Here, Philadelphia's own, Terry Gross interviews reporter David Weigel, who was at the Value Voter's seminar posted about yesterday (on which I scooped the Daily Show by about two hours, but not Rachel Maddow).
Weigel writes for the Web magazine The Washington Independent. He's a former associate editor at the libertarian magazine Reason, and he's been published in liberal and conservative magazines, including The Nation, the American Conservative, the American Spectator and the American Prospect.
Listen to this interview, it's a good one and it's an important one. Here's some interesting links that I've posted within a segment of this interview's transcript, so you can read this part as you listen and learn about some of these references. In particular, be sure to read the Salon piece on Cleon Skousen.

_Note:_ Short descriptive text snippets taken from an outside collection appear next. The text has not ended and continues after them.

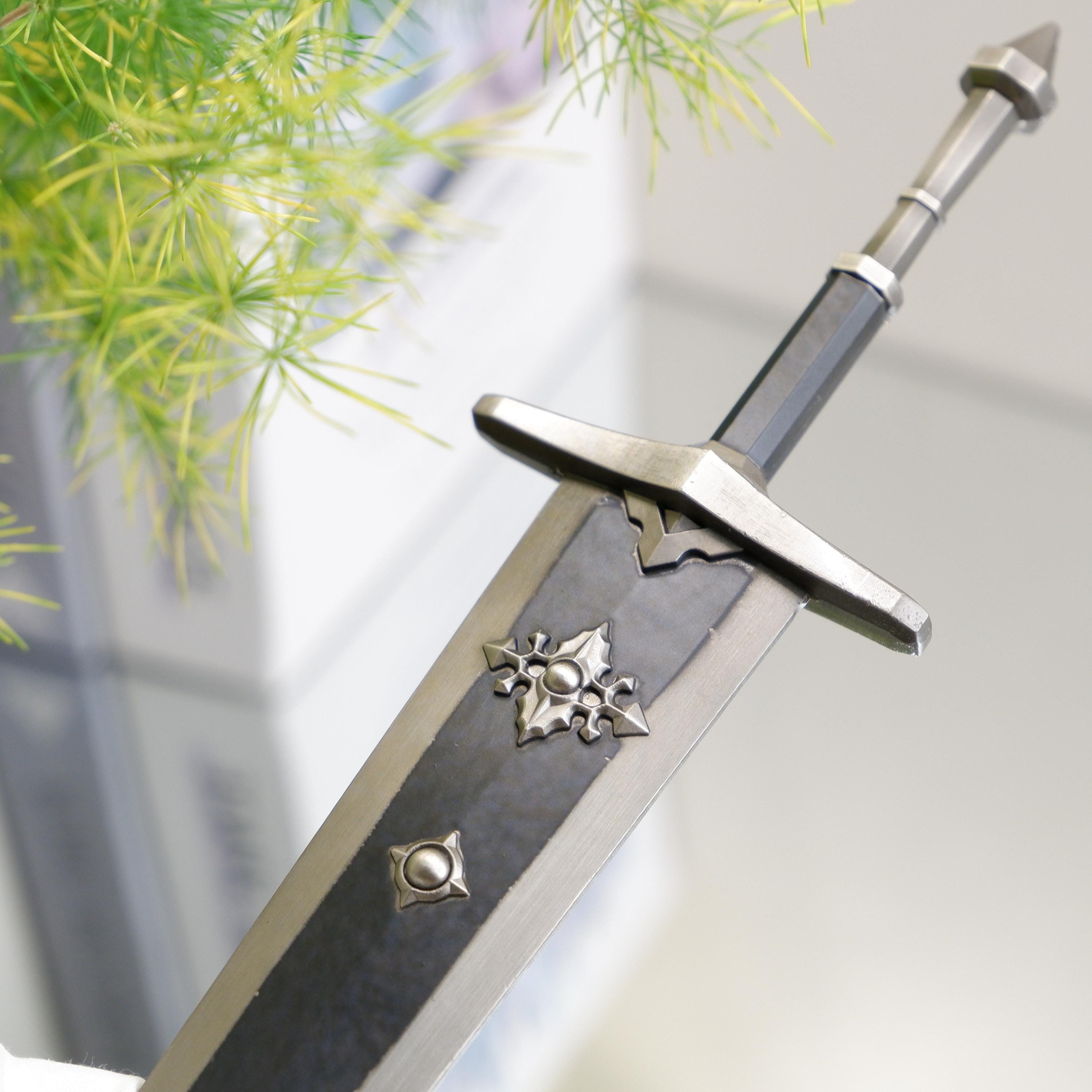 30cm,Eldenn Greatsword of Solitude,Game Peripheral Handmade Craft ,Cosplay Props,Toy Sword,Desktop Collection Ornament,Game Decor,Fans Gift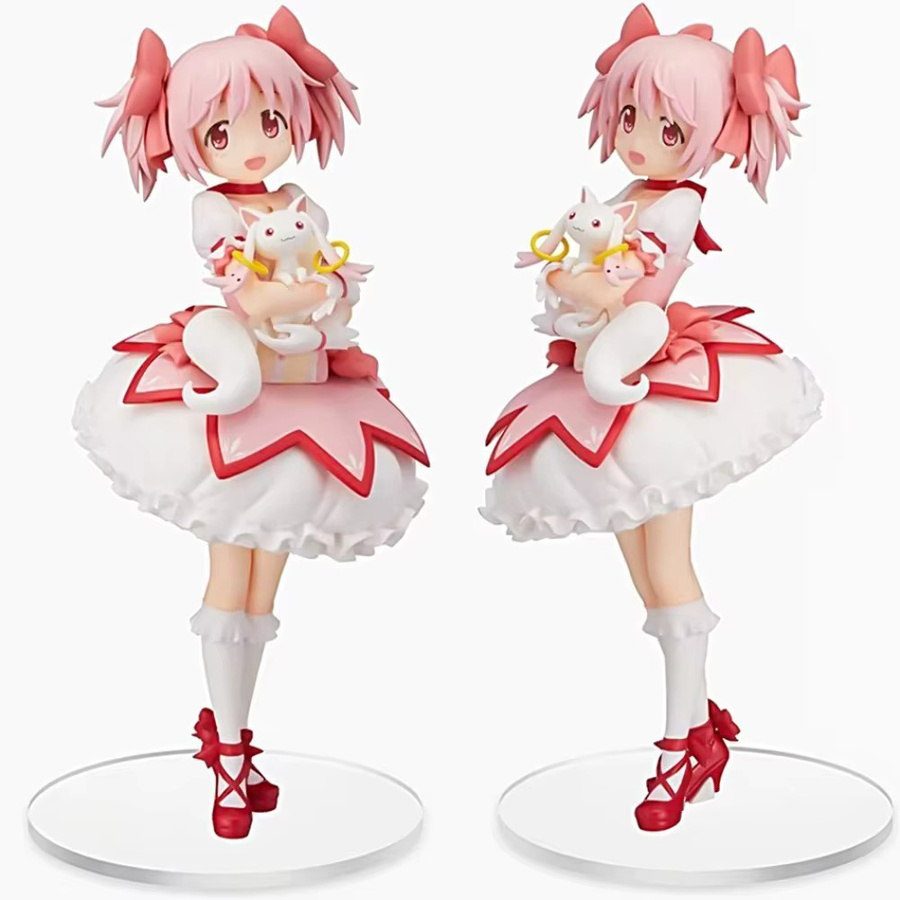 Bandai Puella Magi Madoka Magica Madoka Kaname Actionfigur, 18 cm - Bild 2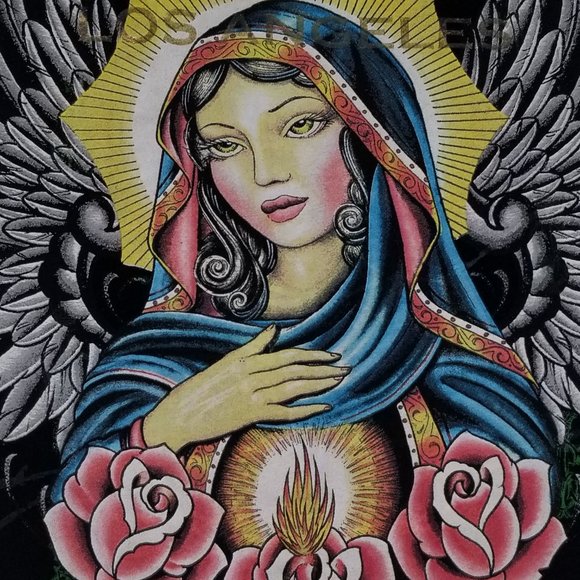 Christian Audigier. Very Rare Vintage beautiful collectible t-shirt .  L… - Picture 10 of 16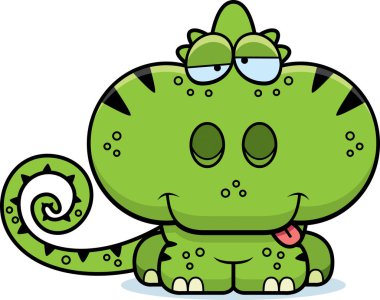 Çizgi film Goofy bukalemun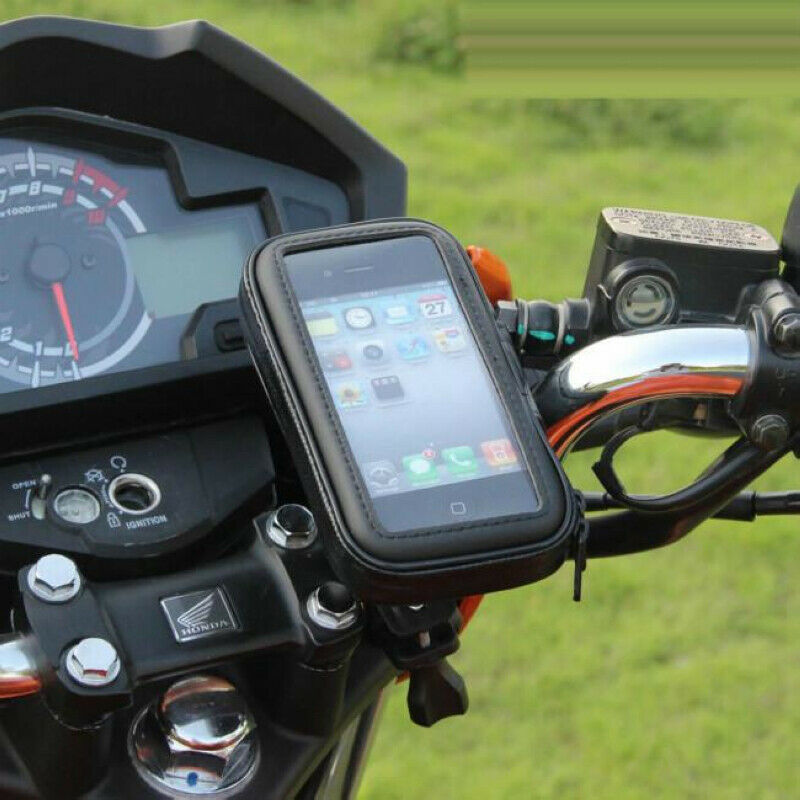 Tas Sepeda Gunung Bersepeda Ponsel Tas Sepeda Tahan Air Tabung Atas Stang Tas Phone Holder Touch Screen Bike Phone Bag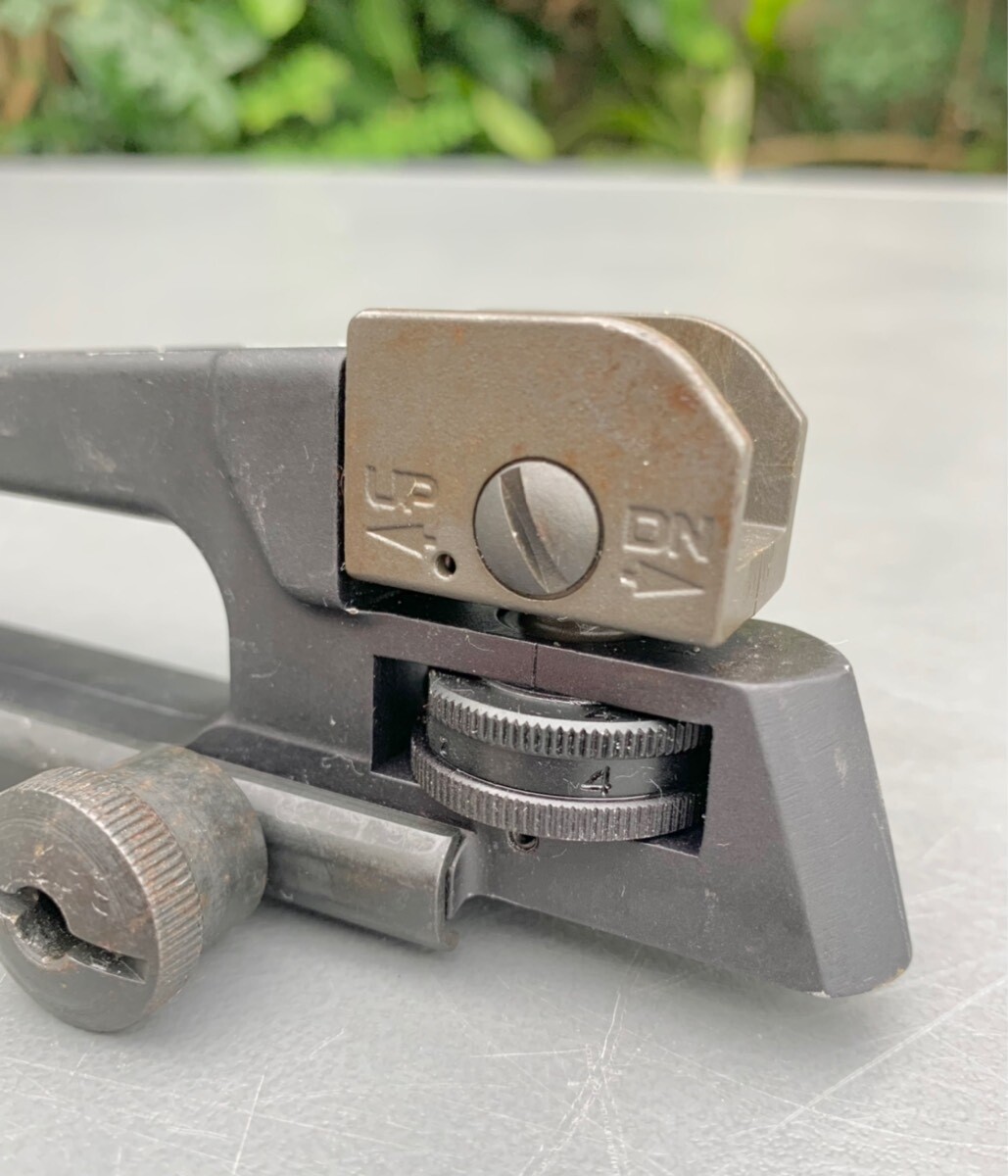 米軍 実物 M4 キャリングハンドル CARDINAL ④ 送料無料 米軍実物 M4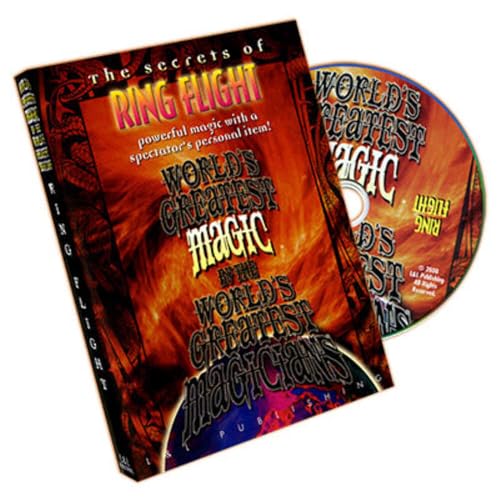 Ring Flight (World's Greatest Magic) | DVD | Bühne | Parlor Performer von Murphy's Magic Supplies, Inc.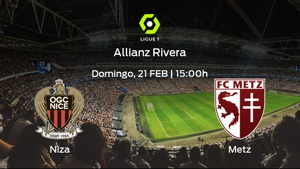 Jornada 26 de la Ligue 1: previa del encuentro OGC Niza - FC Metz Jornada 26 de la Ligue 1: previa del encuentro OGC Niza - FC Metz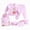 A122-Light Pink, variant on Zuwimk Baby Layette Clothes Set - 7 Piece New Born Boy Girl Gift Set, Baby Clothes Outfits & Newborn Essentials Must Haves - Newborn Clothes(A122-Light Blue)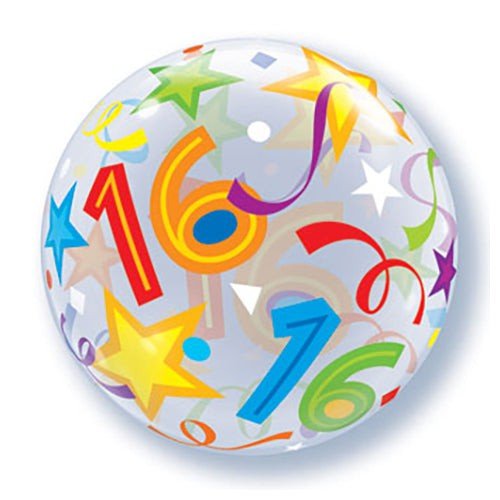 Bubble Balloon 16 Brilliant Stars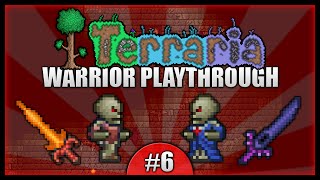 Lets Play Terraria 124  Warrior Class Playthrough  Looting Spree amp Nights Edge Episode 6 [upl. by Keppel416]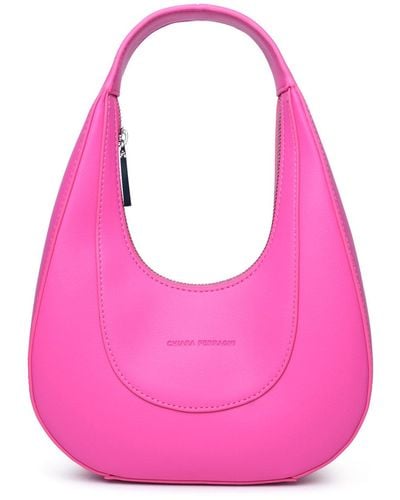 Chiara Ferragni 'Caia' Fuchsia Polyester Bag - Pink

GROSS: So why do you think there is this now strengthened concern on the right about the Constitution being undermined? Where is that coming from?
Mr. WEIGEL: Well, it was always there, but there's been a rediscovery of some primary texts of the conservative movement recently. And one that you heard about at the Values Voter Summit, one you've heard about a lot recently, it's been selling out at Amazon, selling out of bookstores and in huge demand at libraries is Cleon Skousen's "The 5,000 Year Leap," which is - he was a Mormon scholar, theologian with a few conspiratorial directions, if I want to be kind to him, who argued that the founders had 28 concepts that guided them, and they were all - they were divine concepts. Americans, in getting away from that, are getting away from God's vision for the country.
Mr. WEIGEL: And I'm usually loath to prescribe a lot of the movement's power to one book, but a lot of it comes from there. A lot of it comes from their discovery of Saul Alinsky's "Rules for Radicals," which they - and when I say they, I'm saying social conservatives, economic conservatives believe Barack Obama and liberals use successfully to tear their movement down.
They view that it's sort of an antithetical text. It's here are European socialists whose vision for America is not inspired by God but inspired by atheistic Marxism. Here is how they want to tear the institutions down. So they're trying to reverse-engineer that. And so I think it's been very direct and - actually, you know, sort of scholarly interpretation of the way this stuff works. And one thing I think's important is that, as there's - a lot of people have noticed, the center of the conservative punditocracy, let's say, has shifted from the Sean Hannity types to the more Glenn Beck, Mark Levin types.